A maior empresa do Brasil, que somos nós, tem cerca de 7% do mercado em número de shoppings, e em vendas é mais ou menos isso também. Então, é um mercado pouco consolidado. Em compensação nosso maior parceiro lojista representa só 2,7% da nossa receita. Em alguns mercados desenvolvidos, o maior grupo varejista representa entre 15% a 20% da receita de um shopping. Entendemos que ser o consolidador de shoppings dominante vai ser muito importante.

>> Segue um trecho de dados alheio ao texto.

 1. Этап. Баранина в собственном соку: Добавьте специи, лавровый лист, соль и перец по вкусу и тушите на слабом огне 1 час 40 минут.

O que estou vendo agora são grupos internacionais, ou de famílias que já não estavam mais tão relevantes no Brasil, e que sofreram um pouco mais com a pandemia. Não por questões operacionais, mas porque ficaram sem dividendos. Podem ter tomado a decisão de vender. Mas como só olhamos ativos de alta qualidade, a oportunidade está em ter o negócio, e não necessariamente em comprar muito barato. O que essas pessoas estão vendo é que o negócio dos shoppings dominantes continua muito resiliente, muito bom, então ninguém vai vender na bacia das almas. Mas surge oportunidade de fazer transações com pessoas que estão chateadas com a situação de ter fechado os shoppings ou investidores que estão saindo do Brasil, que tem alguns também.

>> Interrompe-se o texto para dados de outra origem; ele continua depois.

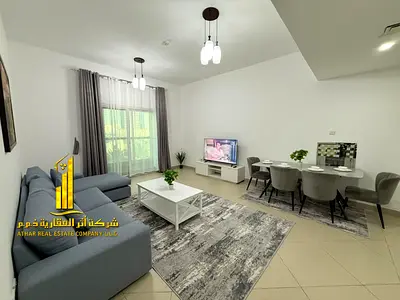 شقة فاخره ثاني ساكن. غرفتين وصالة مع بلكونه مفتوحه .عجمان ابراج الشروق.مفروشه بالكامل للإيجار الشهري. الايجار يشمل الفواتير والإنترنت وموقف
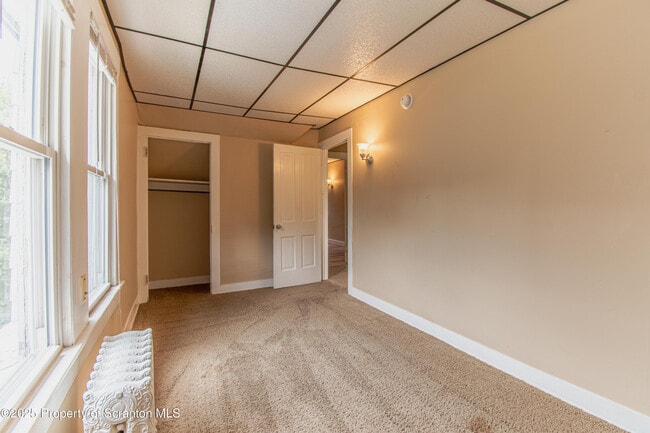 Building Photo - 1027 Woodlawn St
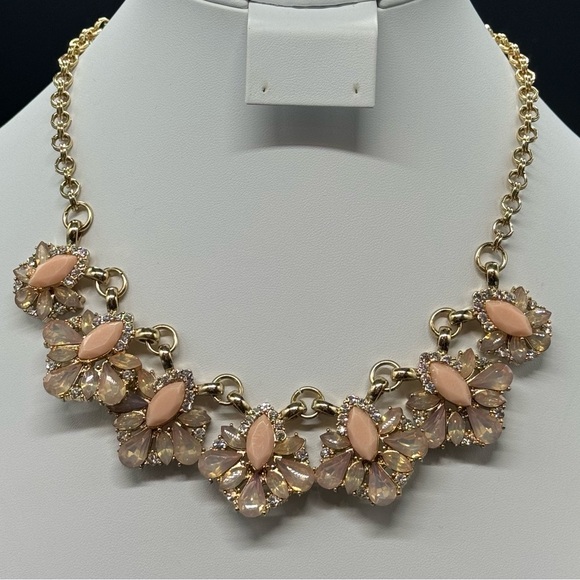 Chicoβs Gold Tone Statement Crystal Bib Necklace NWOT - Picture 3 of 6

Hoje vocês já estão com algumas conversas em andamento?
Temos conversas tanto com shoppings controlados por famílias e grupos internacionais, tanto para aumentar a participação em shoppings que já temos no portfólio. Por exemplo, em shoppings dominantes em grandes mercados, nosso objetivo é ter entre 50% e 60% do shopping para garantir uma boa governança. Então é natural que a gente aumente participação nos nossos shoppings onde houver oportunidade. Já fizemos isso no passado com três transações legais e continuamos perseguindo, só que normalmente essas transações demoram.
Essa segunda onda te preocupa? Pode haver outro lockdown?
Um lockdown como houve eu não vejo a menor possibilidade. Os números da doença já não são tão fortes, e nenhum mercado voltou a fechar completamente na segunda onda.
O foco do problema hoje são as aglomerações que fogem aos protocolos: são as festas e baladas sem controle nenhum. Sobre essas restrições de horários que estão sendo faladas, o fato é que restringir os horários concentra mais as pessoas ao invés de diluir.
Além disso, já aprendemos muito sobre como enfrentar a pandemia e confiamos nos nossos protocolos de segurança. De 3,8 mil funcionários hoje temos apenas 8 ou 9 pessoas infectadas. No pico, tivemos 80 pessoas infectadas ao mesmo tempo — e com os shoppings fechados.